Black Mirror: Series 4 (2017) - Horror TV Show Review

My Netflix queue has over 300 different films and series waiting to be watched, I don't see as nearly as much as I really should do. After discovering my dad in the time since I saw the third series of Black Mirror had watched every single episode I felt shamed into going back to it and continuing my path. For those who somehow don't know, Black Mirror is kind of like a modern day take on The Twilight Zone, but with a focus on plausible future technology and the possible horrific implications this tech could have on society as a whole.

Keeping in line with series three, this fourth series again has six episodes. There is not a bad episode to be found here, but there is a subtle shift towards more positive outcomes, with the harrowing trauma that older ones such as series two's White Bear and the third's Shut Up and Dance caused mostly absent. It manages this shift by usually featuring at least a couple of main characters, rather than just the one. They are usually set up with a bad character who gets a typical Black Mirror fate, while a good character has an ending more like the happiness found in San Junipero. As I said, there isn't a bad episode here, but I do think the show is at its finest when it delivers a soul wrenching sucker punch of a twist. With technological ideas that have already appeared in previous episodes showing up here I got the impression that maybe Charlie Brooker is running out of ideas for future tech, either that or he saw the potential of exploring other ideas he has previously had in new ways.

We start with the fantastic USS Callister which just may be the best episode in this season. Here we follow a computer programmer, Robert Daley (Jesse Plemons - Breaking Bad) who in his free time is the captain of a Star Trek type spaceship in a VR game he has created. This homage to Star Trek is unmissable here, and I loved how it starts off looking like the way that show was filmed, before switching to a more typical look. I figured the twist would be that the sci-fi world wasn't real, but that much is obvious from the start. Featuring some interesting misdirection, and a stellar supporting cast that includes Jimmi Simpson (Westworld, House of Cards) this is one to watch. If you have ever read I Have No Mouth and I Must Scream by Harlan Ellison you will know what to expect here as they share similar ideas.

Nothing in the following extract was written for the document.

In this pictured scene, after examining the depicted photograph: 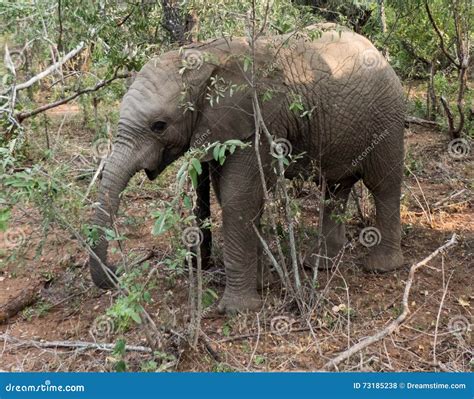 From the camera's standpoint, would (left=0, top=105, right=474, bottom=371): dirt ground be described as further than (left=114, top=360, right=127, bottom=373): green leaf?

Next is Arkangel that is a much more grounded down to earth episode. Here an overprotective mother (Rosemarie DeWitt - Poltergeist) fits her daughter with a device that allows her to monitor her child's vital statistics, as well as see what she is seeing whenever she wants via a handheld device. Mainly taking place during her daughters teenage years this has plenty of cringe, but doesn't really go too far in any direction. Directed by Jodie Foster this was typical Black Mirror that is only really let down by a bit of a damp squib of an ending.

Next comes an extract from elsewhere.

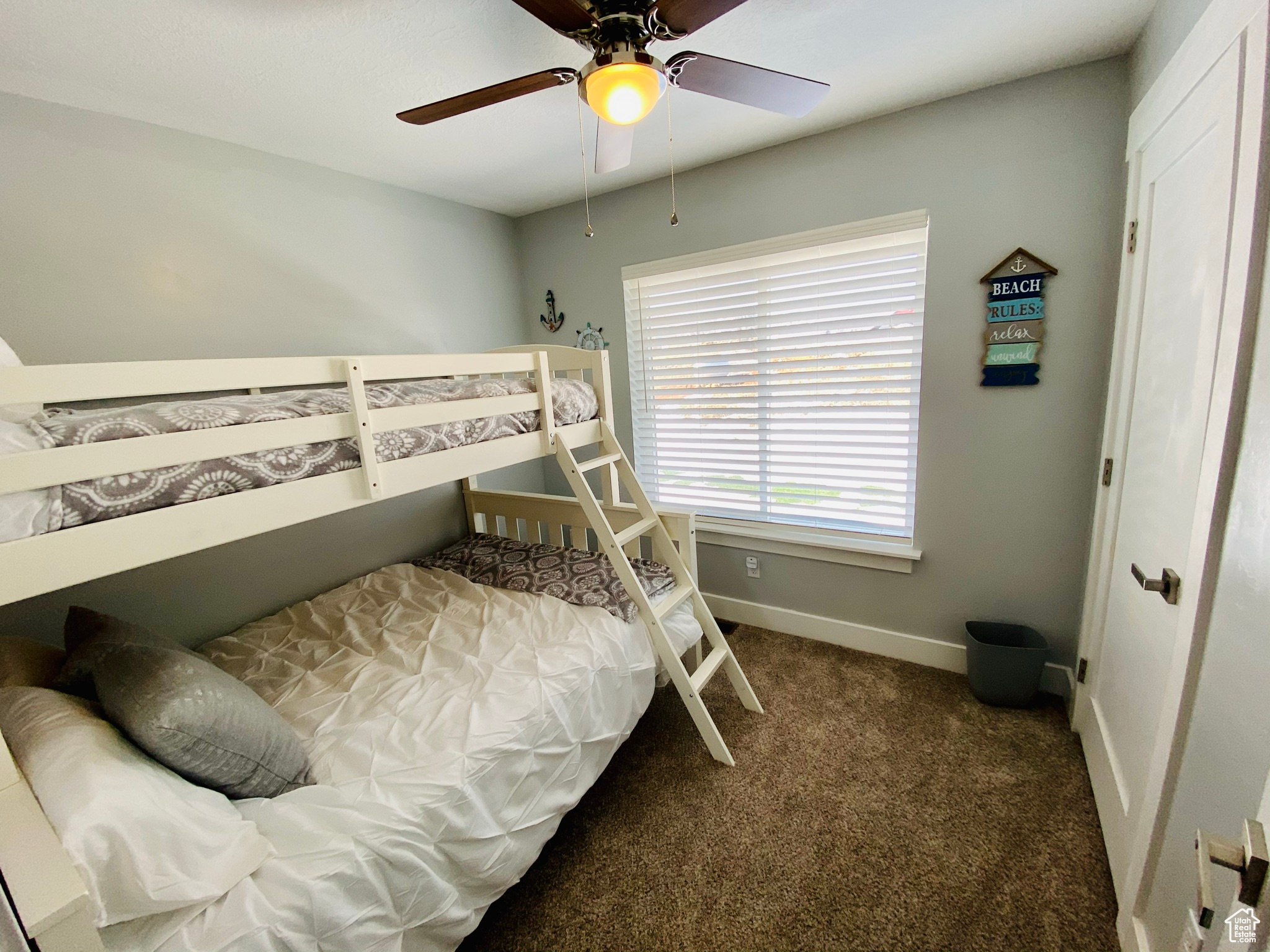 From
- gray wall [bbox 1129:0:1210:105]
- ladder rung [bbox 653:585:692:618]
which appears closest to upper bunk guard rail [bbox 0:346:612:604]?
ladder rung [bbox 653:585:692:618]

Crocodile stood out to me as it had far more of a feeling of Tales of the Unexpected than of The Twilight Zone. Hoping to cover up an old crime, Mia (Andrea Riseborough - Mandy) commits an unspeakable act, unaware that her crime may be uncovered by an insurance claim investigator (Kiran Sonia Sawar) who carries with her a device that lets her see visual representations of peoples memories. In some ways this was typical in that the protagonist is certainly deserving of anything bad coming their way, but the Icelandic setting, and the unrelenting actions of Mia juxtaposed with her family life lead to a dark, yet fascinating hour of TV.

Hang the DJ is the most feel good episode this series and takes place in a world where technology exists that can match couples to nearly a 100% compatibility rate, by setting people up to a series of relationships with set expiry dates in order to gather information. Amy (Georgina Campbell) and Frank (Joe Cole - Peaky Blinders, Green Room) are two such users of this tech and begin to question the validity of it when they find themselves yearning for each other after their relationship has been terminated.
This was my father's favourite episode, and it was a good one. Personally while I like the odd upbeat story where the stakes are almost nonexistent I wouldn't want them all to be like this. The main characters are both likeable sorts so I was onboard for this feel good love story.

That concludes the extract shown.